Thursday, December 23, 2004

Crawling on with Pound's weird apostrophes in Lustra—the many poems in which he addresses his own personified poems. Inching toward being able to make a plausible case for newness as nature (that is, an intellectual can make contact with nature by stripping away the concealments of the bourgeois "they"-world, which can be assisted by identification with the earthy subjectivity of the proletariat) as authenticity, before I turn it around and perform a critique of authenticity insofar as that's one of the values that led Pound so badly astray in his campaigns against usury and Jews in The Cantos. Then authenticity gets raised to the level of self-critique in the Pisans. I thnk that's how it's going to go.

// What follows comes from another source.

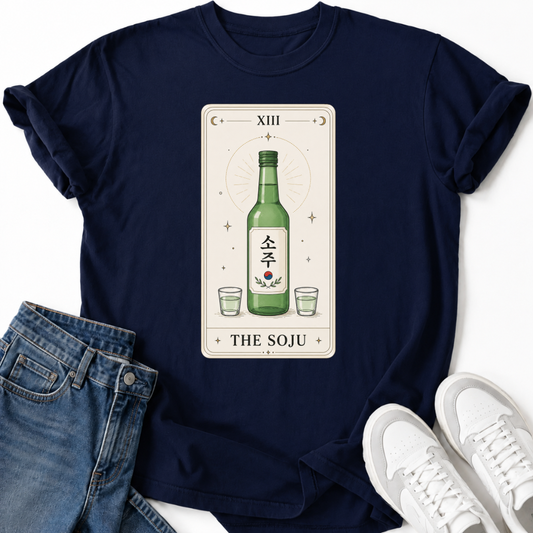 SOJU TAROT CARD T-SHIRT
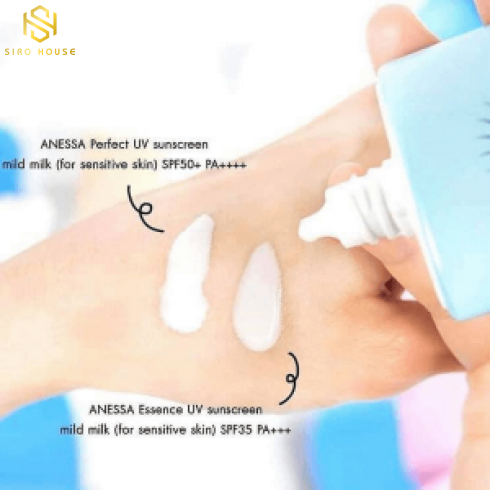 Kem Chống Nắng Dạng Gel Dành Cho Da Nhạy Cảm Và Trẻ Em Anessa Moisture UV Sunscreen Mild Gel SPF35/P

G.C. Waldrep wrote to me last week about D&D; a former player himself, he wondered why we didn't turn to writing fiction given the narrative form of role-playing games. Here's how I responded:
The first answer that occurs to me is that the primary pleasure of RPGs is the sense of wonder, spontaneity, and immersion in a world, and I get more of that feeling from the experience of writing poems than fiction, which has all these encumbrances like plot. Writing a poem gets me closer to the originary experience of reading fantasy novels—the discovery of a dream-landscape where I felt I belonged—than reading such novels does now. Also, there's the sheer fussiness of D&D and its epigones—hit dice, THACO, alignments—and those constraints are perhaps akin to those we impose on ourselves in poems, the better to free the imagination. And the whole game happens in language—it's distinctly un-visual, except in the sense that radio is a visual medium—so maybe it's natural that my attention would be more captivated by the language's powers of transport
rather than any particular story. Also, the collectivity of gaming, which means that no one, not even the DM, has total control over what's going to happen, imitates the processes of the unconscious and surrender of intent that I find intrinsic to the best poetry.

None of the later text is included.